Варвар, впрочем, и не собирался его благодарить. Сказал же Ритул: «Не всяк тот друг…», но Йонард вынужден был признаться самому себе, что чего-то не понимает. Не понимает, но очень хочет разобраться.
Уронив лохматую голову на громадные руки, Йонард блаженно спал. Блюдо с остатками жаркого и огромная пивная кружка, сухая, как колодец на заброшенном караванном пути, были сдвинуты на край стола.
Маленький квадратный зал трактира с одногорбым синим верблюдом серди желтых барханов на вывеске едва освещался тусклыми масляными светильниками. Из кухни тянуло каким-то непотребством, которое здешние завсегдатаи по врожденному недомыслию принимали за приличную еду. Толстозадые девки в грязных юбках шныряли по залу, разнося мерзкую отраву, и улыбались, не разжимая зубов.
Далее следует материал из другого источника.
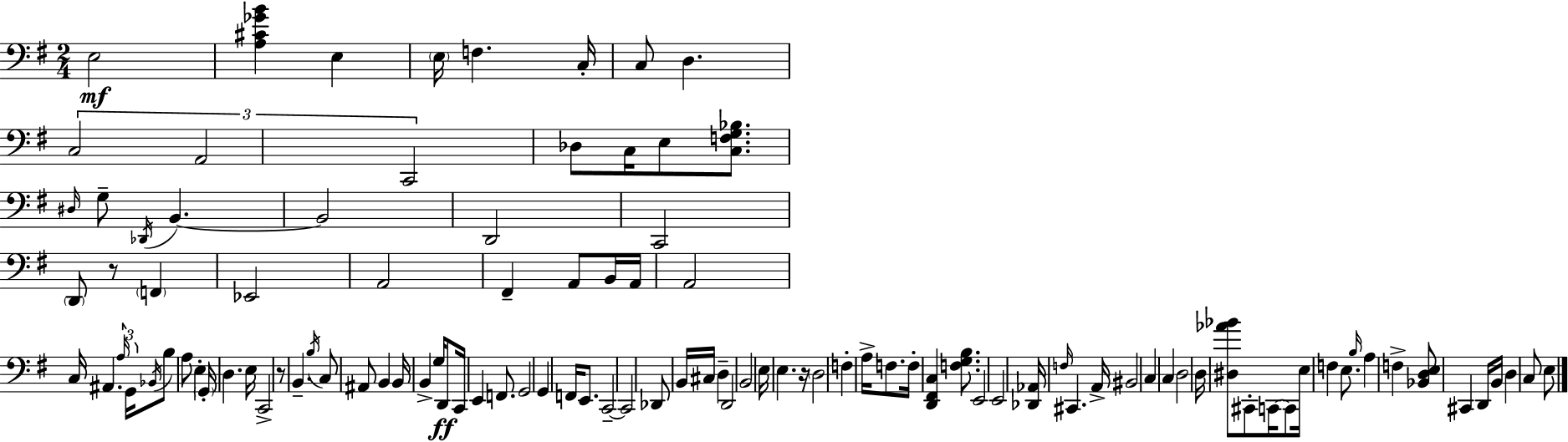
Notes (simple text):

E3/h [A3,C#4,Gb4,B4]/q E3/q E3/s F3/q. C3/s C3/e D3/q. C3/h A2/h C2/h Db3/e C3/s E3/e [C3,F3,G3,Bb3]/e. D#3/s G3/e Db2/s B2/q. B2/h D2/h C2/h D2/e R/e F2/q Eb2/h A2/h F#2/q A2/e B2/s A2/s A2/h C3/s A#2/q. A3/s G2/s Bb2/s B3/e A3/e E3/q G2/s D3/q. E3/s C2/h R/e B2/q. B3/s C3/e A#2/e B2/q B2/s B2/q G3/s D2/e C2/s E2/q F2/e. G2/h G2/q F2/s E2/e. C2/h C2/h Db2/e B2/s C#3/s D3/q D2/h B2/h E3/s E3/q. R/s D3/h F3/q A3/s F3/e. F3/s [D2,F#2,C3]/q [F3,G3,B3]/e. E2/h E2/h [Db2,Ab2]/s F3/s C#2/q. A2/s BIS2/h C3/q C3/q D3/h D3/s [D#3,Ab4,Bb4]/e C#2/e C2/s C2/e E3/s F3/q E3/e. B3/s A3/q F3/q [Bb2,D3,E3]/e C#2/q D2/s B2/s D3/q C3/e E3/e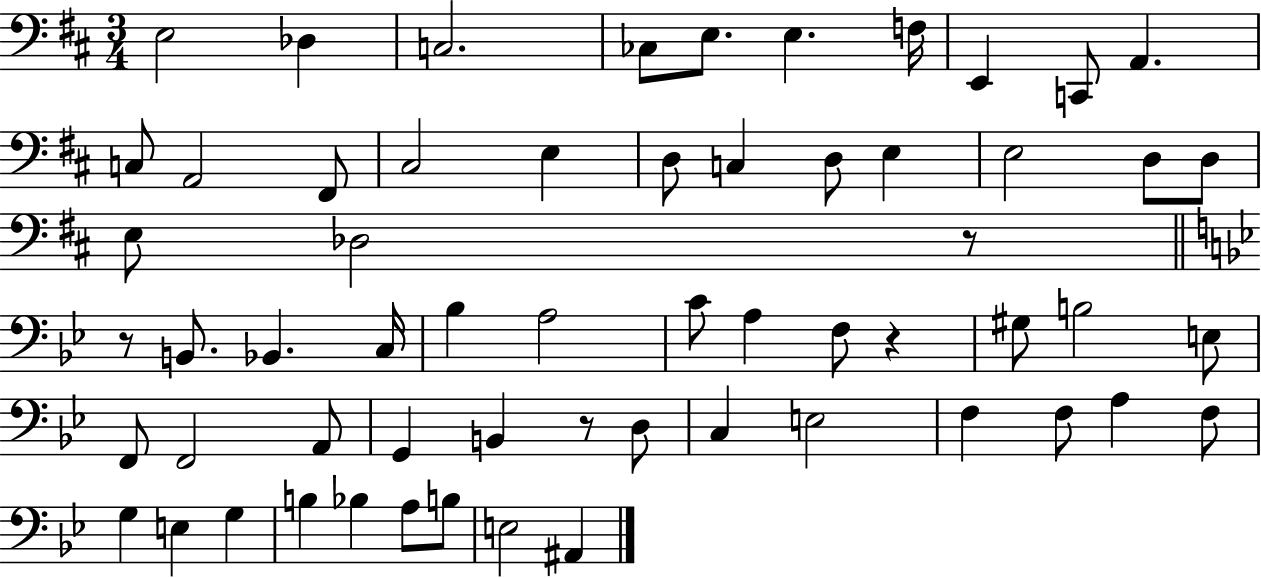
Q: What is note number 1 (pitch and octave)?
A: E3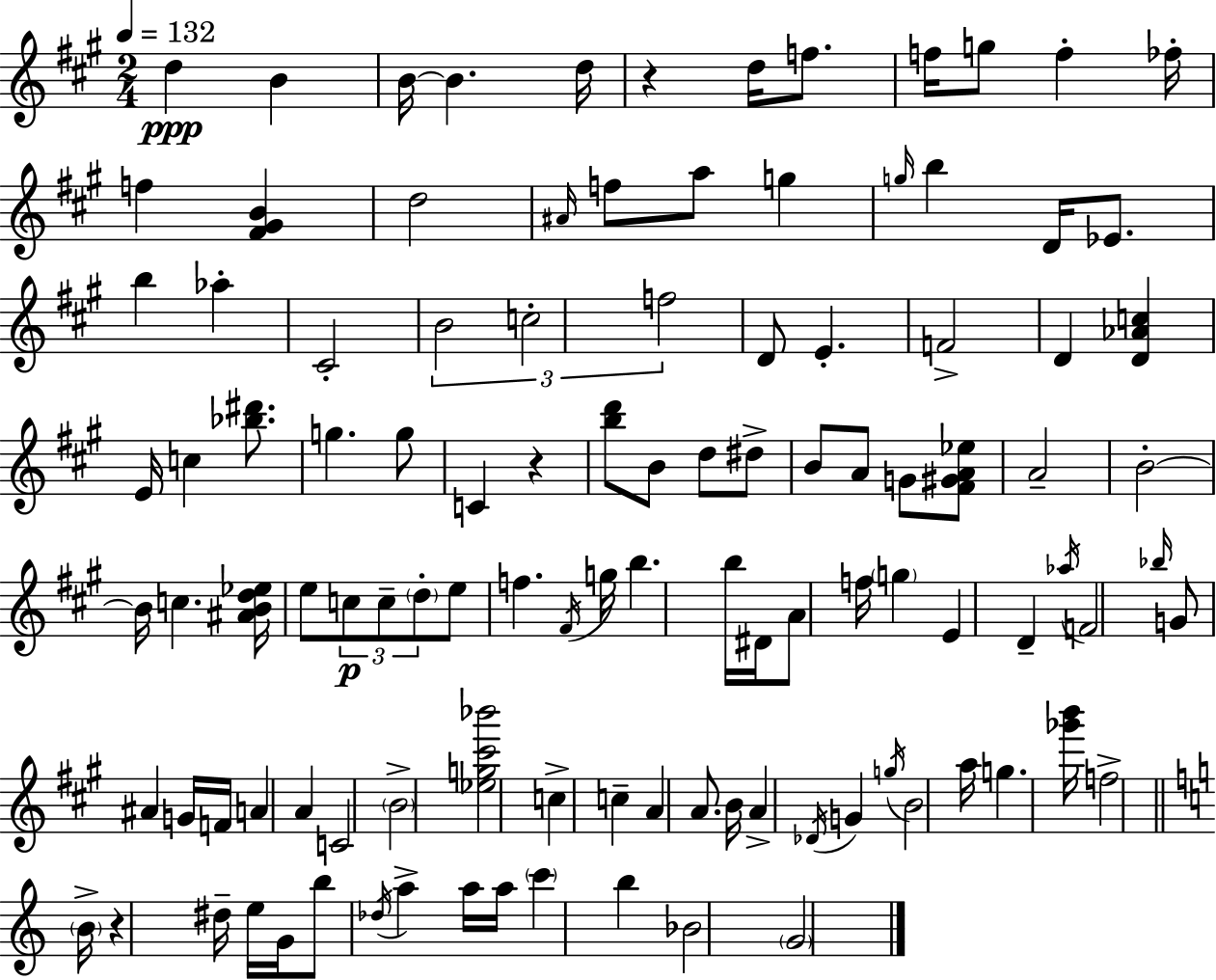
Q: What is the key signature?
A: A major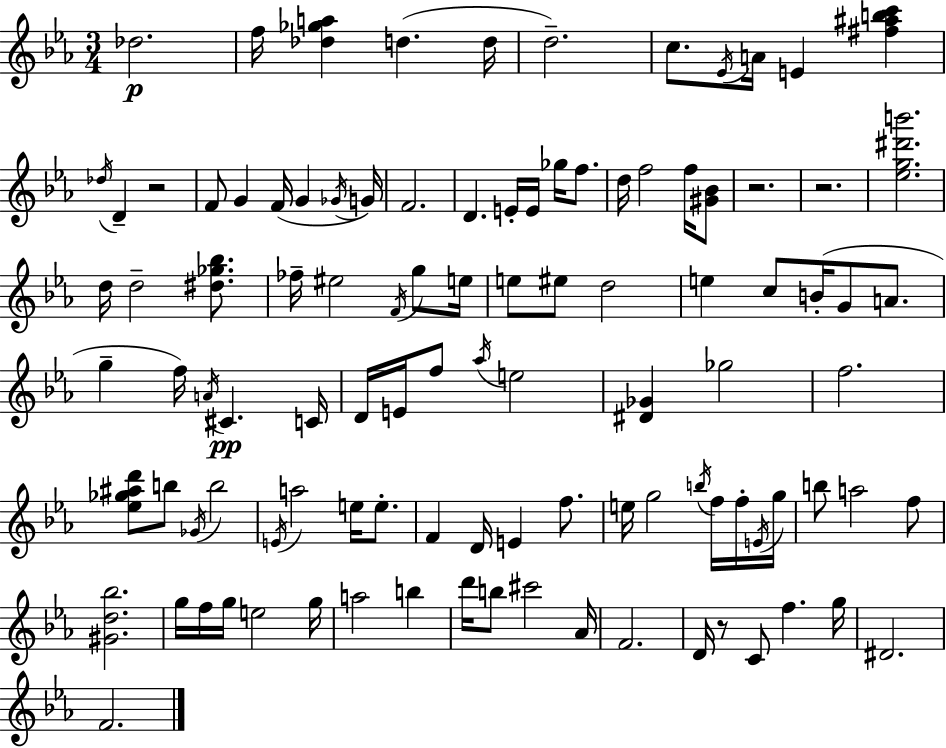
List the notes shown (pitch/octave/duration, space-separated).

Db5/h. F5/s [Db5,Gb5,A5]/q D5/q. D5/s D5/h. C5/e. Eb4/s A4/s E4/q [F#5,A#5,B5,C6]/q Db5/s D4/q R/h F4/e G4/q F4/s G4/q Gb4/s G4/s F4/h. D4/q. E4/s E4/s Gb5/s F5/e. D5/s F5/h F5/s [G#4,Bb4]/e R/h. R/h. [Eb5,G5,D#6,B6]/h. D5/s D5/h [D#5,Gb5,Bb5]/e. FES5/s EIS5/h F4/s G5/e E5/s E5/e EIS5/e D5/h E5/q C5/e B4/s G4/e A4/e. G5/q F5/s A4/s C#4/q. C4/s D4/s E4/s F5/e Ab5/s E5/h [D#4,Gb4]/q Gb5/h F5/h. [Eb5,Gb5,A#5,D6]/e B5/e Gb4/s B5/h E4/s A5/h E5/s E5/e. F4/q D4/s E4/q F5/e. E5/s G5/h B5/s F5/s F5/s E4/s G5/s B5/e A5/h F5/e [G#4,D5,Bb5]/h. G5/s F5/s G5/s E5/h G5/s A5/h B5/q D6/s B5/e C#6/h Ab4/s F4/h. D4/s R/e C4/e F5/q. G5/s D#4/h. F4/h.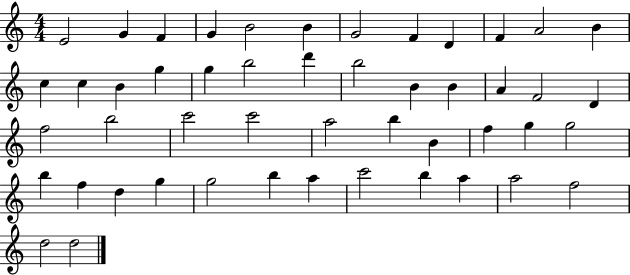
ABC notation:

X:1
T:Untitled
M:4/4
L:1/4
K:C
E2 G F G B2 B G2 F D F A2 B c c B g g b2 d' b2 B B A F2 D f2 b2 c'2 c'2 a2 b B f g g2 b f d g g2 b a c'2 b a a2 f2 d2 d2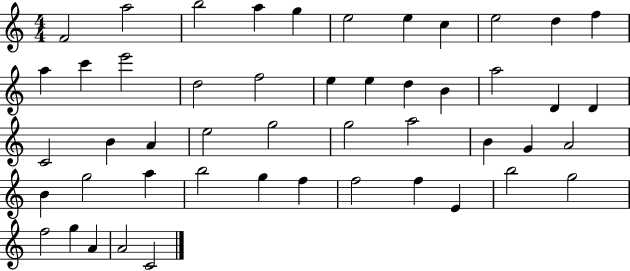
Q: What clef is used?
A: treble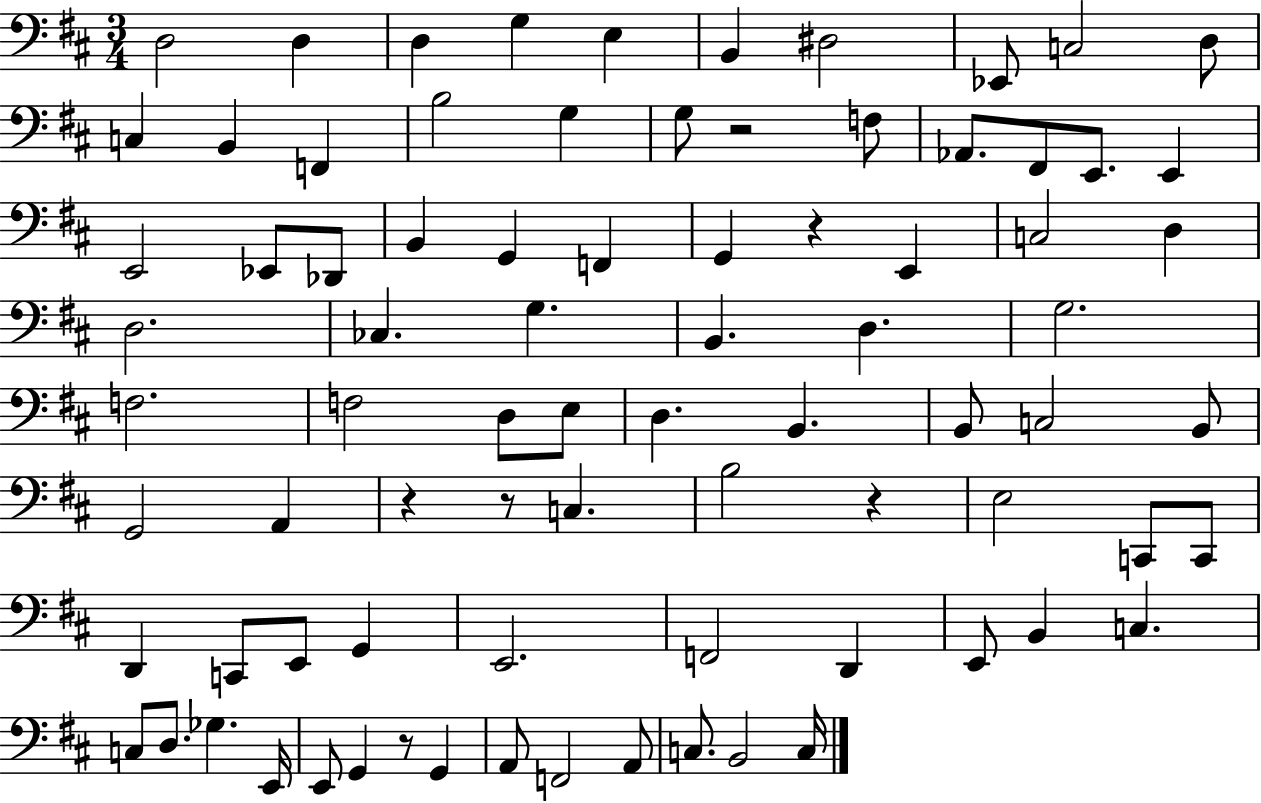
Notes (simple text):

D3/h D3/q D3/q G3/q E3/q B2/q D#3/h Eb2/e C3/h D3/e C3/q B2/q F2/q B3/h G3/q G3/e R/h F3/e Ab2/e. F#2/e E2/e. E2/q E2/h Eb2/e Db2/e B2/q G2/q F2/q G2/q R/q E2/q C3/h D3/q D3/h. CES3/q. G3/q. B2/q. D3/q. G3/h. F3/h. F3/h D3/e E3/e D3/q. B2/q. B2/e C3/h B2/e G2/h A2/q R/q R/e C3/q. B3/h R/q E3/h C2/e C2/e D2/q C2/e E2/e G2/q E2/h. F2/h D2/q E2/e B2/q C3/q. C3/e D3/e. Gb3/q. E2/s E2/e G2/q R/e G2/q A2/e F2/h A2/e C3/e. B2/h C3/s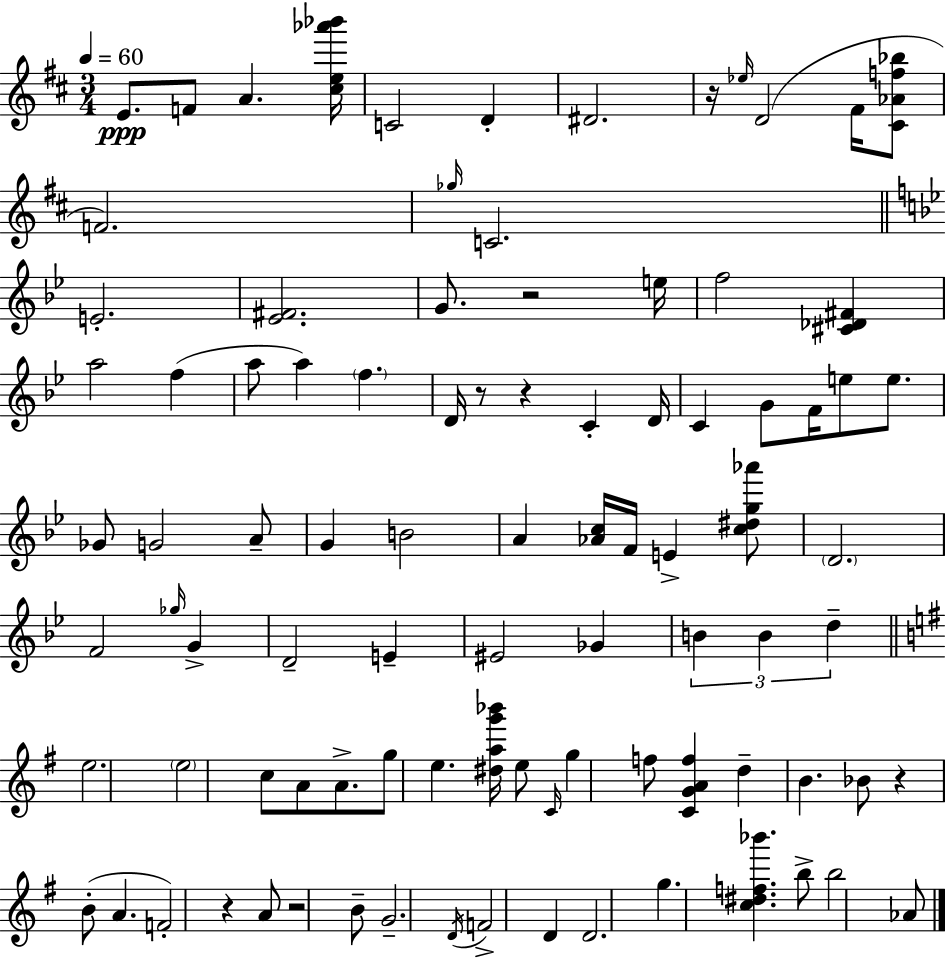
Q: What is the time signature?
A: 3/4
В дальнем углу, сдвинув столы, шумная компания играла в кости, видимо на одну из девок, стук костей и пьяные вопли разносились на несколько кварталов, но Йонарду было все равно. Прервать его сон сейчас могло бы разве что крушение мира, да и то вряд ли. Причиной тому было не столько количество выпитого, сколько жаркие ласки одной шахджаханпурской красотки, с которой он познакомился в таверне получше. Впрочем, после позапрошлой ночи, которую он тоже провел без сна и с гораздо меньшим удовольствием, путь в таверну ему был заказан.